Last night I went to see my 10 year old daughter’s talent show. If I am honest, I was definitely not looking forward to 3 hours of little folk belting off key renditions of Annie. But, as the night wore on I found my cynicism waning and an odd sadness welling up in my heart. It became so clear to me that these courageous, bright, eager children were symbols of the ever reaching human spirit. I recognized the energy in these kids, it is the same energy I see buried beneath layers of slurry in many of the people who come seeking therapy. It is the desire to be seen, to be appreciated and loved for who they are. I too know that desire.
Perhaps therapy is not only there to ‘know thyself’, perhaps it is also a vehicle to help one to connect to Joy…

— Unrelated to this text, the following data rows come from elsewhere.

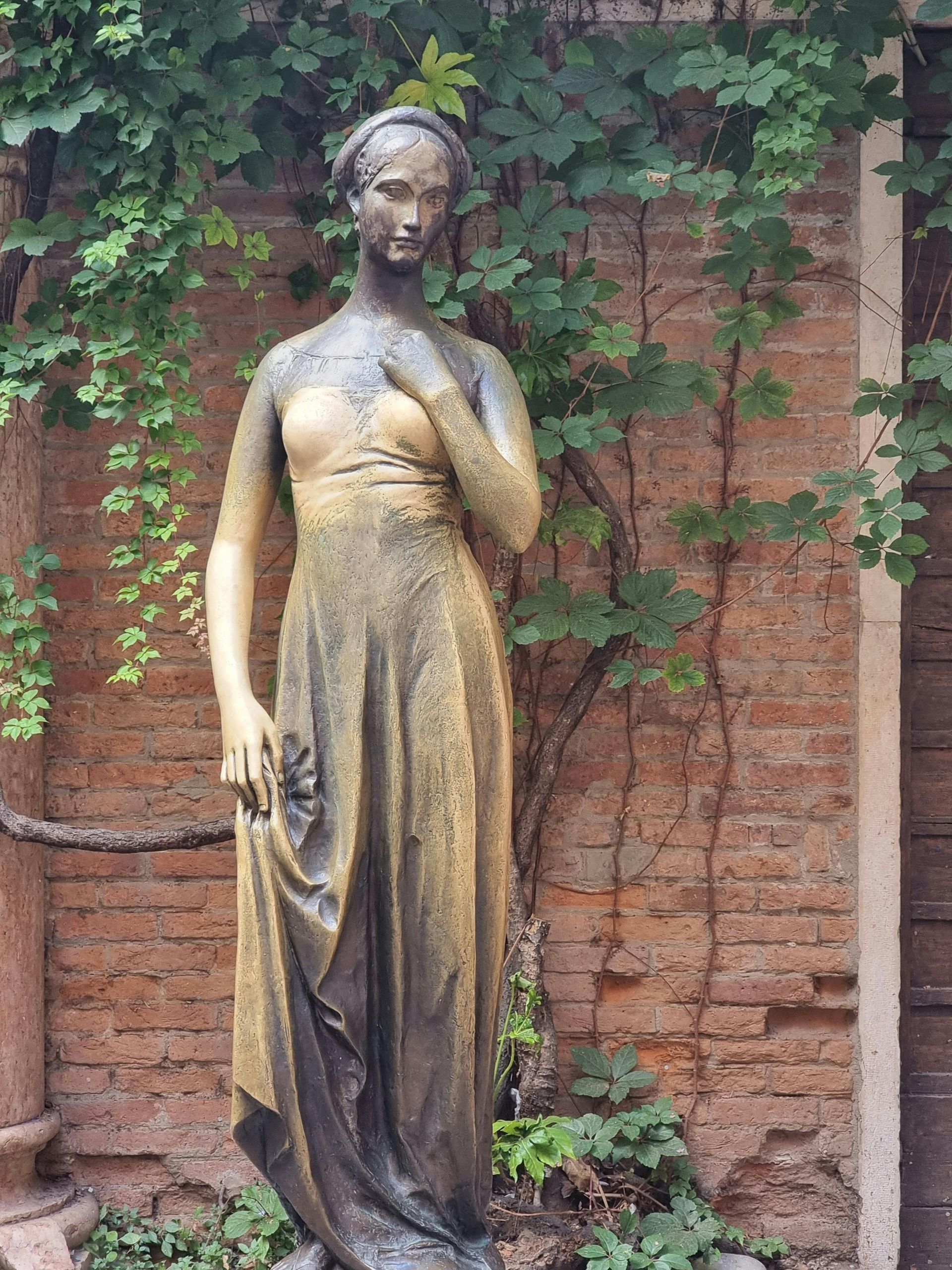 A statue of a woman in a gold dress is standing in front of a brick wall in Verona, Italy.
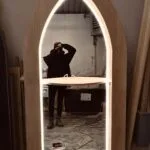 Luminous Arch Salon Mirror with Shelf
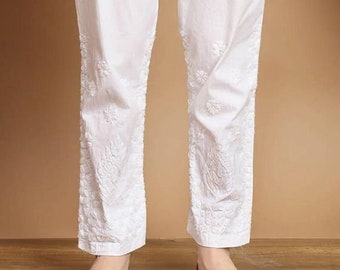 May include: White trousers featuring an elasticized waistband with a drawstring closure and side pockets. The lower portion of the pant legs displays intricate white tonal embroidery with floral patterns, ending in a straight hemline.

I have always been a bit of a hedonist, when I was younger I used to deal with emotional difficulty by going out on the town with friends which often used to result in rather spectacular physical and emotional hangovers. In my late twenties- early thirties I began to assess the cost-benefit ratio of these little sorties and with time they have certainly all but disappeared. I have mixed feelings about this. It’s a bit like losing a crazy lover who was as mad as a hatter but had a fantastic sense of humor and an incredible mind.
Hitting 40 has put further pressure on me to develop healthier coping strategies, I climb, I surf, I do yoga and while I really do enjoy these pursuits, they are changing the way I deal with my inner landscape, as a result the topography of my inner-space looks different.

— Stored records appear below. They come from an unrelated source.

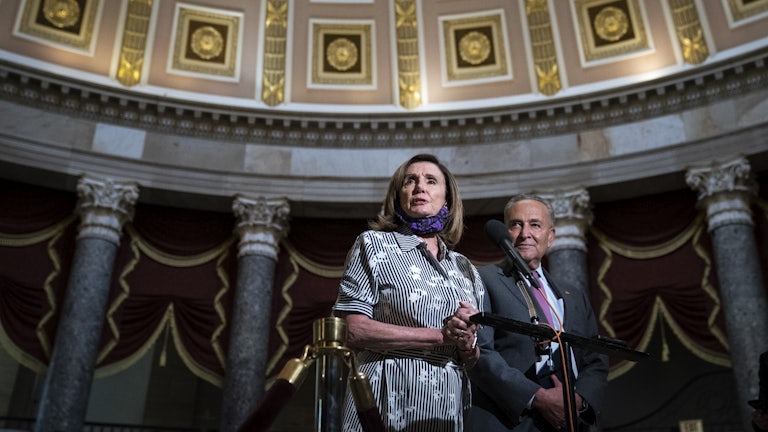 Chuck Schumer and Nancy Pelosi stand together in Statuary Hall in the U.S. Capitol.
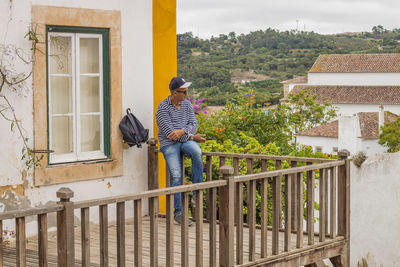 Man standing by railing of house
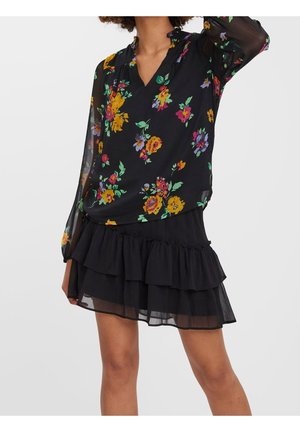 Kobieta nosząca czarną kwiecistą bluzkę z przezroczystymi długimi rękawami i czarną, warstwową mini spódniczkę z falbankami.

No longer do I feel as free as I did when I was reckless, I used to soar like Icarus, just a bit too close to the Sun. Don’t get me wrong, I don’t miss the hangovers and admin that used to come with the lifestyle, I just miss soaring, the lightness of being.
Increasing responsibility has come with increased gravity. Sometimes I battle to maintain a degree of carefree altitude.
Interestingly enough I have observed that this relatively newfound stability of mind has its benefits too. Although I have been going through some pretty steep emotional terrain lately, my mind has a strength, capacity and flexibility that was certainly absent in my young ‘adulthood’. My ‘tipping point’, critical mass, whatever you want to call it is much greater than it has ever been. I can find my way to a calm inner space with less difficulty, the path is now well worn, Good friendships, slow walks, solitude, time to wonder, writing, meditating may not be dramatic ways of processing that which moves within, but in the long run, they are infinitely more effective.